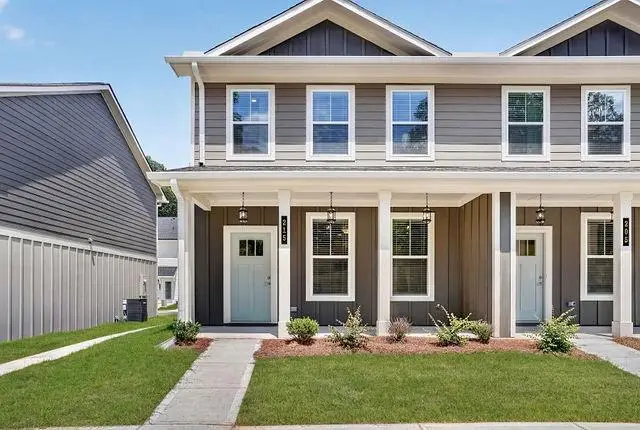 215 Maddux Street #LOT 22, Fayetteville, GA 30214 - #3
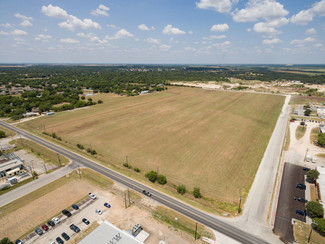 Plus de détails pour 1205 Reed Dr, Lockhart, TX - Terrain à vendre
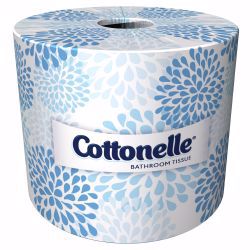 Picture of TISSUE TOILET 2PLY COTNEL KC PROF KLNX BRND(60RL KIMCON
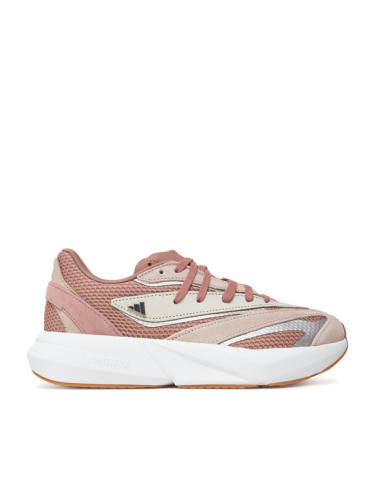 adidas Сникърси Lightblaze Shoes JR3456 Кафяв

**WHAT YOU ARE ASKED TO DO:**
Retype the data shown above exactly, excluding any picture it contains.

**WRITTEN ANSWER:**
 215 Maddux Street #LOT 22, Fayetteville, GA 30214 - #3
 Plus de détails pour 1205 Reed Dr, Lockhart, TX - Terrain à vendre
 Picture of TISSUE TOILET 2PLY COTNEL KC PROF KLNX BRND(60RL KIMCON
 adidas Сникърси Lightblaze Shoes JR3456 Кафяв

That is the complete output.